La Phytothérapie, des mots grecs Phuton: plante et Therapeia: traitement, signifie traitement par les plantes. 5000 ans avant Jésus Christ les Sumériens utilisaient déjà la phytothérapie.

Médecine mésopotamienne et magie étaient toutefois étroitement intriquées, le prêtre-médecin avait le plus souvent recours à l’hépatoscopie (lecture des oracles dans le foie des animaux sacrifiés) pour faire son diagnostic et ainsi désigner le dieu ou le mauvais esprit responsable de la maladie. Le traitement reposait sur les offrandes, les sacrifices, et les incantations. Les médecins mésopotamiens confectionnaient aussi des remèdes à partir de plantes et d’ingrédients divers.

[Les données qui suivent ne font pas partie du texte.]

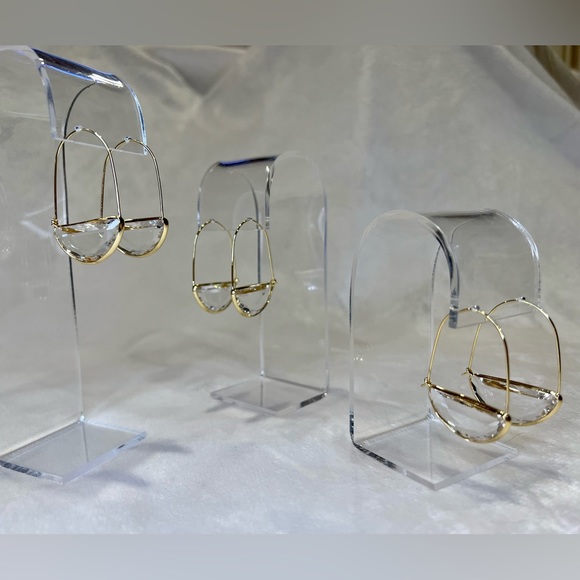 Anthropologie Inspired Gold Toned Crystal Drop Earrings - Picture 2 of 5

46 siècles plus tard, le grec Hippocrate rejetant superstitions et croyances sépare la religion de la médecine. La maladie n’est plus une punition infligée par les dieux mais une conséquence de facteurs environnementaux ou alimentaires défavorables et dans le Corpus Hippocraticum nombreuses plantes sont citées en référence. Jusqu’au milieu du 19e siècle, la phytothérapie reste le principal moyen de traitement des maladies, puis l’extraction de principes actifs des végétaux rendue possible par les progrès de la science, son usage décline. Deux grands groupes de médicaments, les alcaloïdes (morphine, quinine, caféine, colchicine, codéine…) et les hétérosides (digitaline, ouabaïne …) se développent, leur emploi est très vite parfaitement maitrisé, la médecine se tournant ainsi vers l’utilisation de médicaments de synthèse.

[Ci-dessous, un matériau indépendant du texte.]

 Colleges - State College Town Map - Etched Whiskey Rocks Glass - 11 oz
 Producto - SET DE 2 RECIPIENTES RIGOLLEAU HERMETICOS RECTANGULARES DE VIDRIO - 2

La phytothérapie moderne connait un regain d’intérêt de la part du public. Plus de 800.000 espèces végétales poussent sur la surface du globe, l'O.M.S. a répertorié plus de 22000 plantes médicinales, environ 1200 plantes sont inscrites à la pharmacopée française. Les plantes médicinales sont utilisées sous différentes formes: tisanes, extraits (nébulisats, phytols, phytosols) teintures, alcoolatures, alcoolats, hydrolysats, intraits, poudres, huiles essentielles, sirop, sucs, pommades, élixirs, suspensions. La phytothérapie peut être utilisée dans de nombreuses indications allant du traitement de la douleur jusqu’à celui des maladies infectieuses en passant par le traitement des affections broncho-pulmonaires, cardiovasculaires, gastro-intestinales, hépato-biliaires, urinaires, génitales, endocriniennes, neuro-logiques et psychiatriques.

Le recours à la phytothérapie doit toutefois être prudent et raisonné. En effet, certaines plantes sont toxiques, contenant par exemple un alcaloïde, leur toxicité est identique au surdosage médicamenteux correspondant (belladone, colchique, curare, digitale, pavot, saule). Pour d’autres plantes, le risque est digestif (gingembre, lierre, sureau, iris) entrainant douleurs abdominales, vomissements et diarrhée. Parfois la diarrhée peut être plus grave (ricin, bourdaine, séné, aloès) L’atteinte neurologique est assez fréquente après la prise de végétaux toxiques, allant de la simple ivresse, jusqu’à la somnolence (anis, eucalyptus, gentiane, houx) voire les convulsions (renoncule, thuya, romarin).

Mais que l'on se rassure, des médecins formés à la phytothérapie sont aptes à prescrire les traitements les mieux adaptés, les plus efficaces et sans danger.